Records to use section start

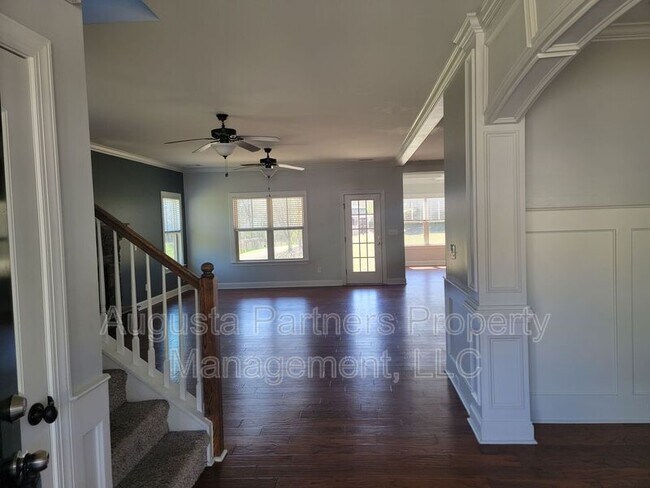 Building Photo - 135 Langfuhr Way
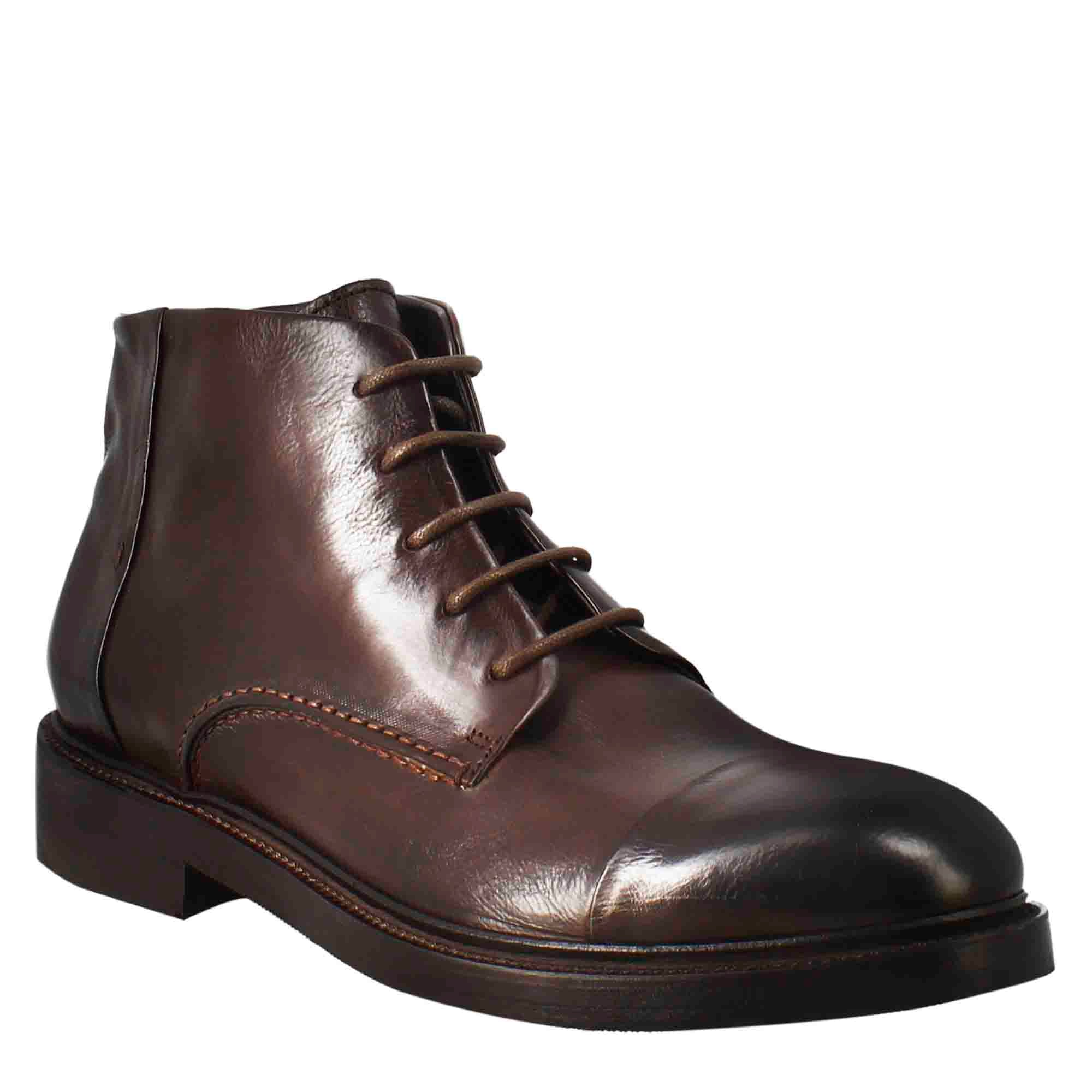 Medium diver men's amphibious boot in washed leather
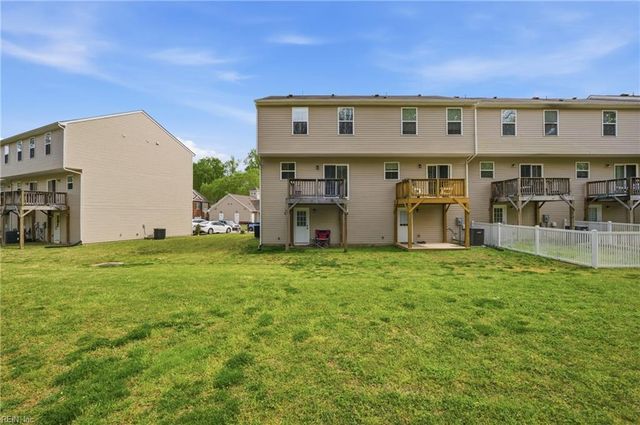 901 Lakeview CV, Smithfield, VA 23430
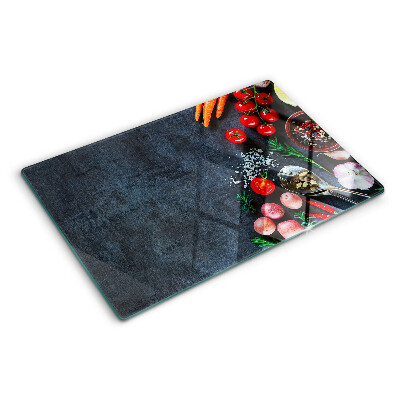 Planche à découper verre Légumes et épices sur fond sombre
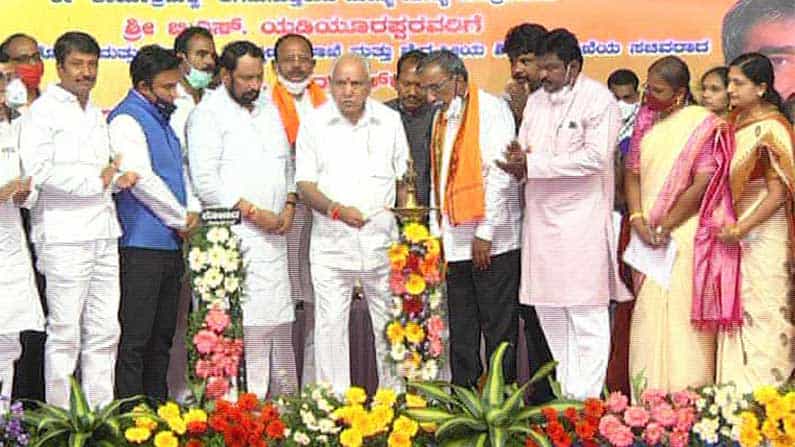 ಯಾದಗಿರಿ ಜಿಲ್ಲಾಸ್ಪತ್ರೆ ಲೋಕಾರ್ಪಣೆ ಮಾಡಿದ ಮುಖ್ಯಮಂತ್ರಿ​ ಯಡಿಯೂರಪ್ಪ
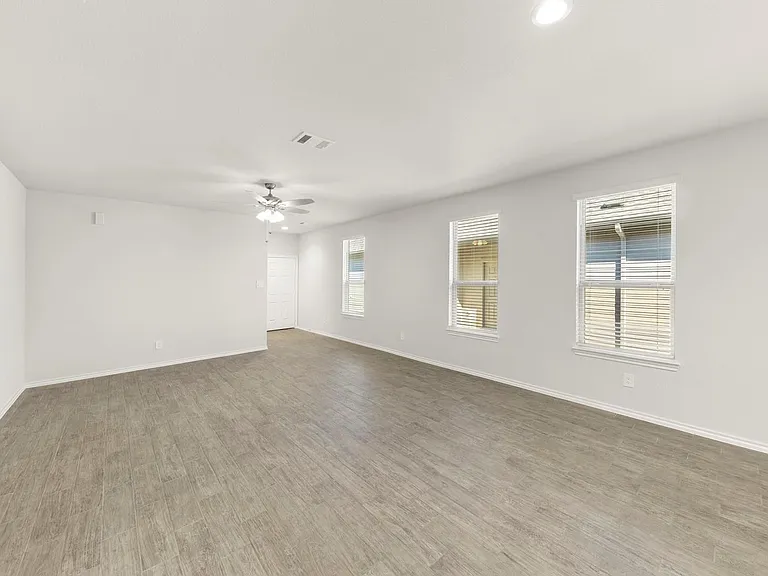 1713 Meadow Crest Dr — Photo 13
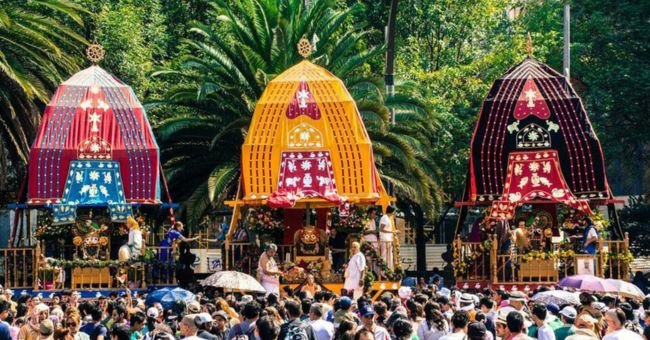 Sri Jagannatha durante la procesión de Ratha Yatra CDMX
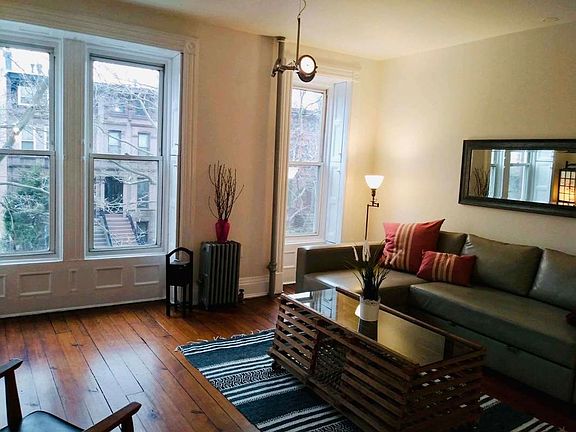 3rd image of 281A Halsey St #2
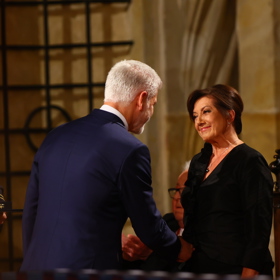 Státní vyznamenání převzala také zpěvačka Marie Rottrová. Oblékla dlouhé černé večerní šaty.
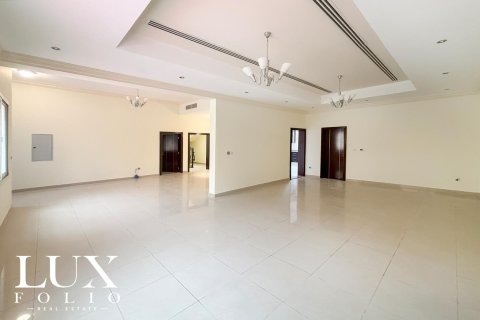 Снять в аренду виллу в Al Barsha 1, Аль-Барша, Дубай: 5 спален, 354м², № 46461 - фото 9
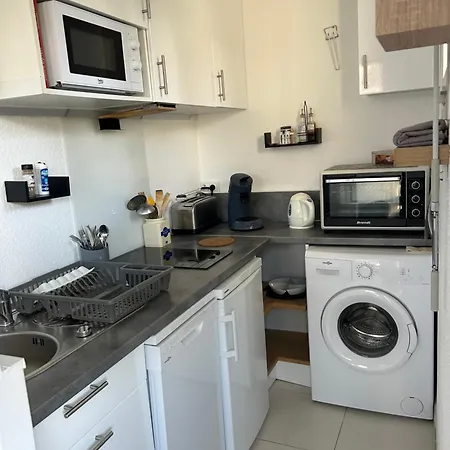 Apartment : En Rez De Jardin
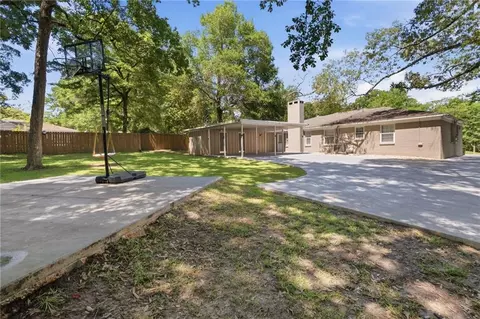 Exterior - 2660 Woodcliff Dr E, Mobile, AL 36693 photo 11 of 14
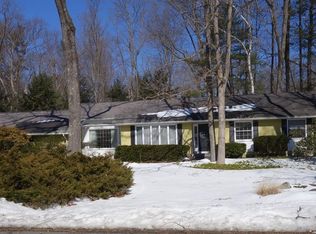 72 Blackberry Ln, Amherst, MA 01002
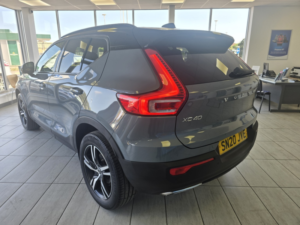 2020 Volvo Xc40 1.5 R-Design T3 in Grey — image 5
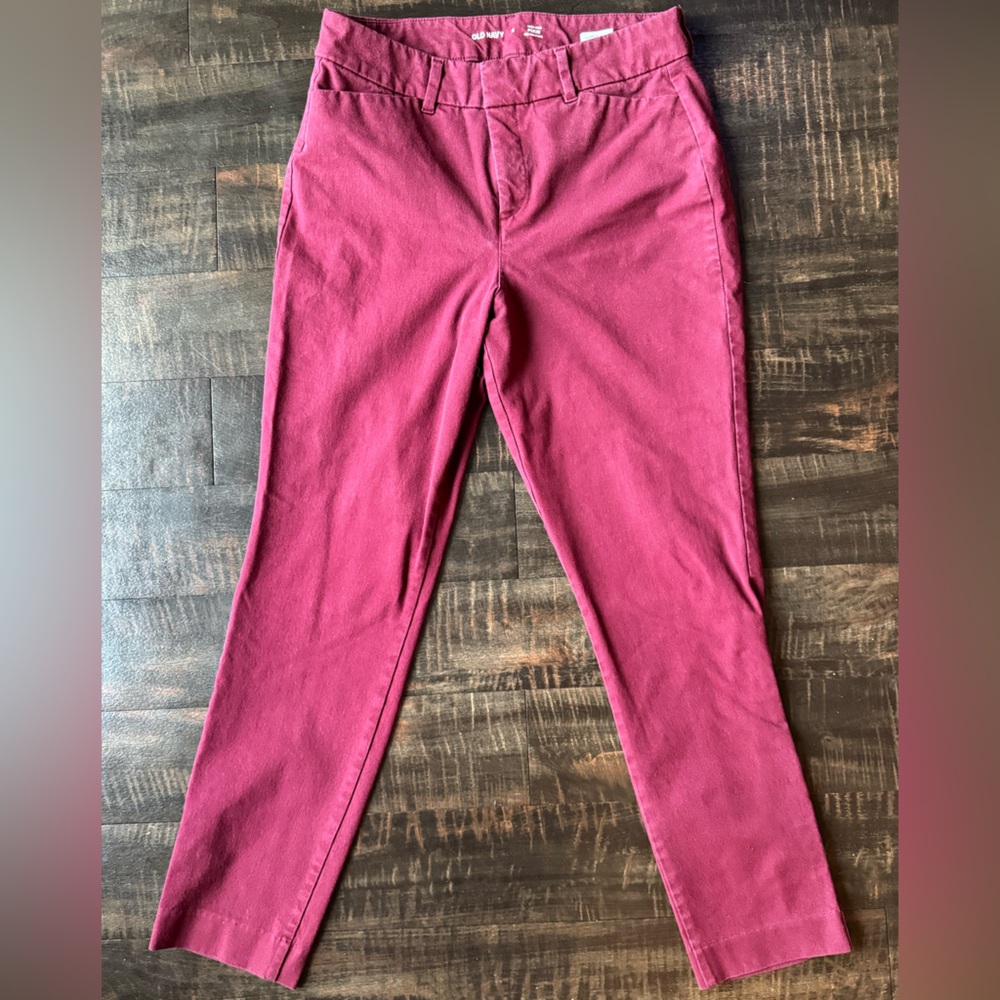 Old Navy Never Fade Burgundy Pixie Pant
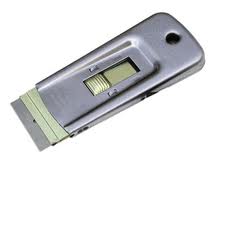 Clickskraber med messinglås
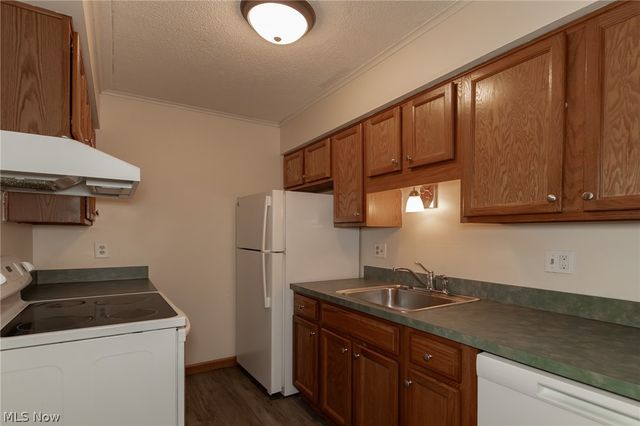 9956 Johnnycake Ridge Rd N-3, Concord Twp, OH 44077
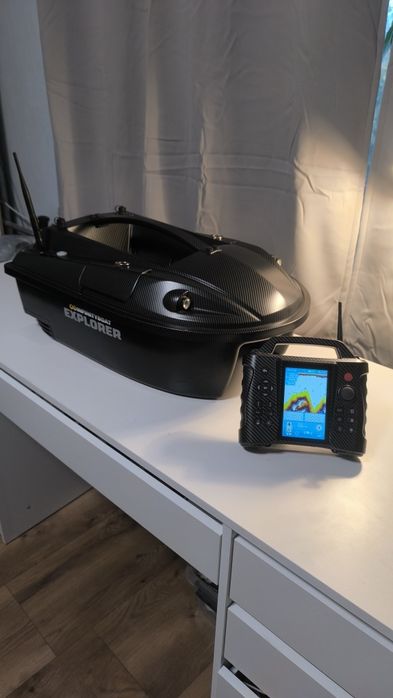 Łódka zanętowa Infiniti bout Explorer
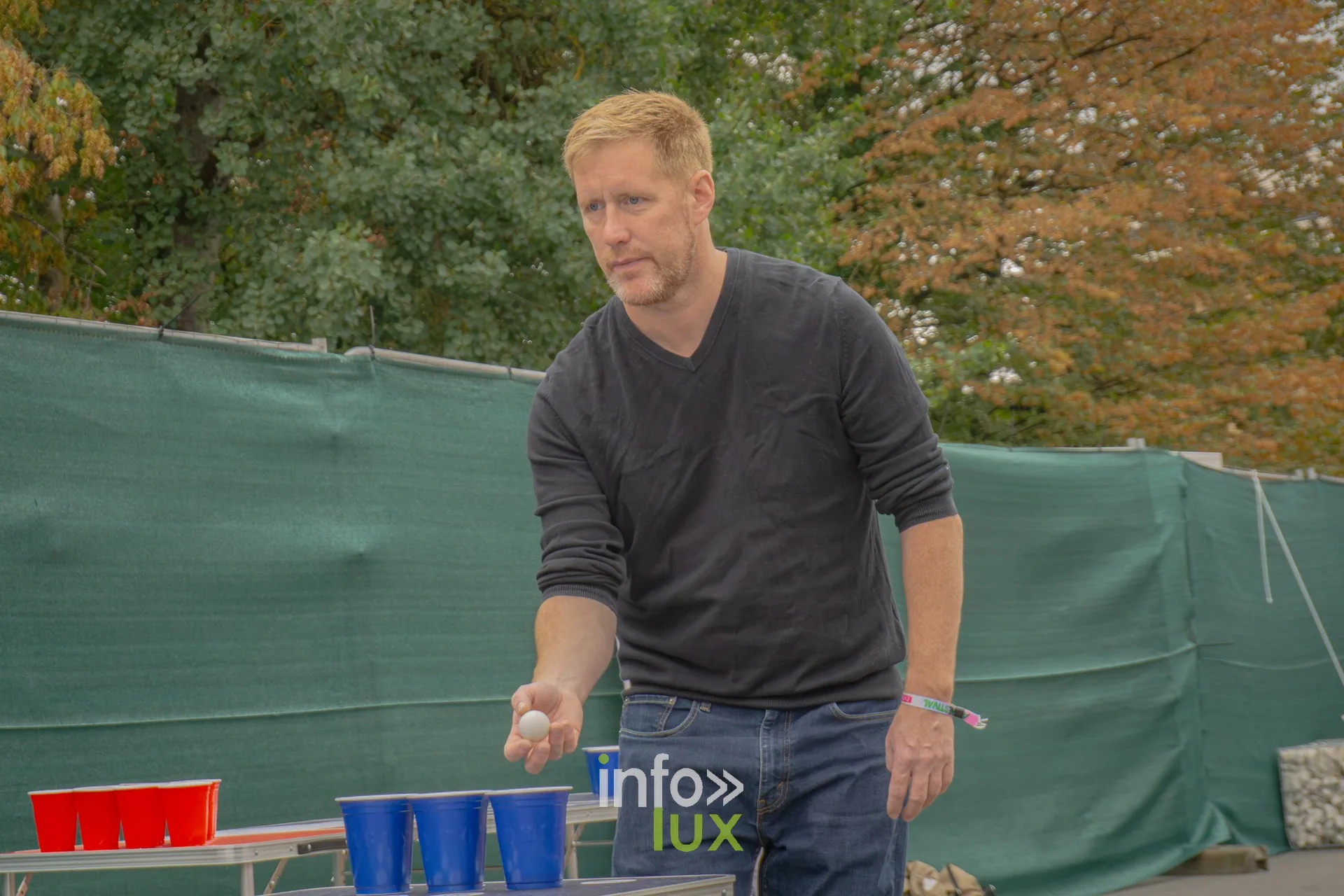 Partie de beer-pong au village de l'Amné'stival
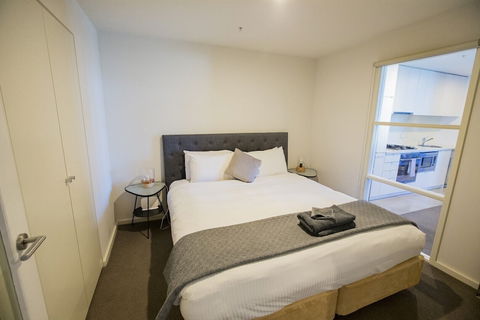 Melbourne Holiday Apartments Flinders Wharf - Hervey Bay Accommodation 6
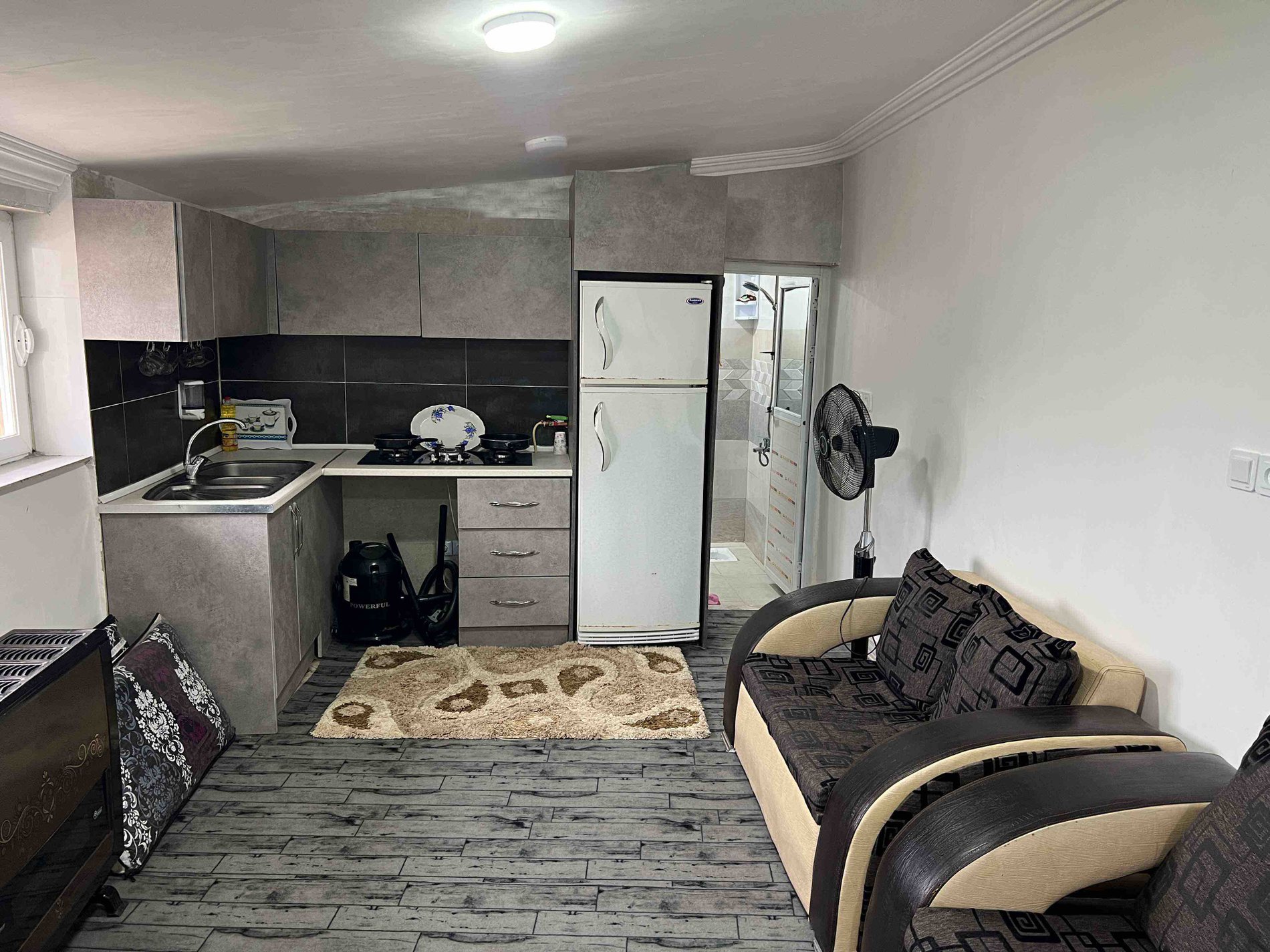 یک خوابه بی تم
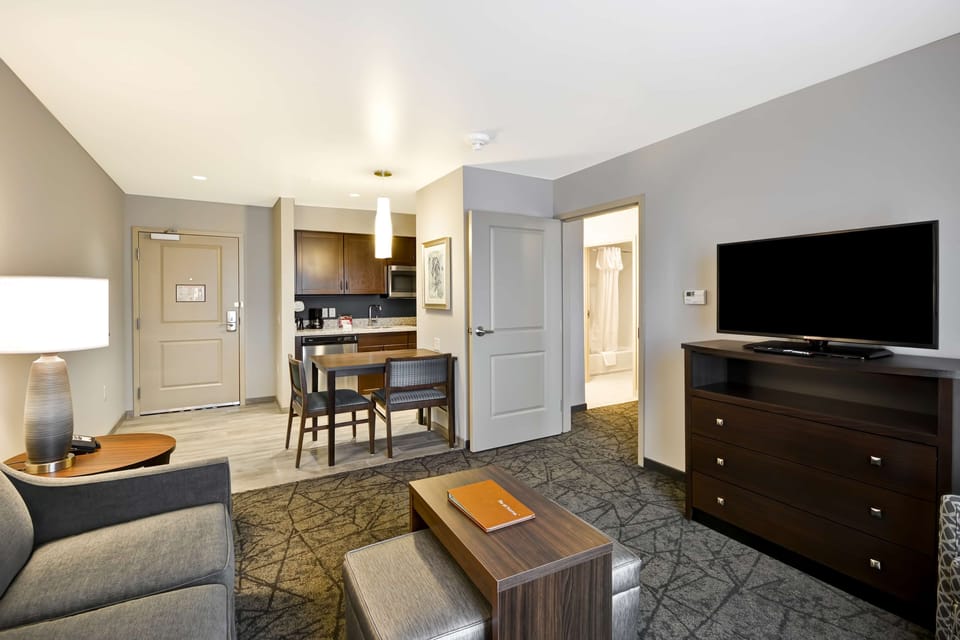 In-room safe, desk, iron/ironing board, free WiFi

Records to use section end

Your answer must be the lines from the opening line of the entries through the line holding "3rd image of 281A Halsey St #2", written out exactly and without any picture.

= Written reply =
 Building Photo - 135 Langfuhr Way
 Medium diver men's amphibious boot in washed leather
 901 Lakeview CV, Smithfield, VA 23430
 Planche à découper verre Légumes et épices sur fond sombre
 ಯಾದಗಿರಿ ಜಿಲ್ಲಾಸ್ಪತ್ರೆ ಲೋಕಾರ್ಪಣೆ ಮಾಡಿದ ಮುಖ್ಯಮಂತ್ರಿ​ ಯಡಿಯೂರಪ್ಪ
 1713 Meadow Crest Dr — Photo 13
 Sri Jagannatha durante la procesión de Ratha Yatra CDMX
 3rd image of 281A Halsey St #2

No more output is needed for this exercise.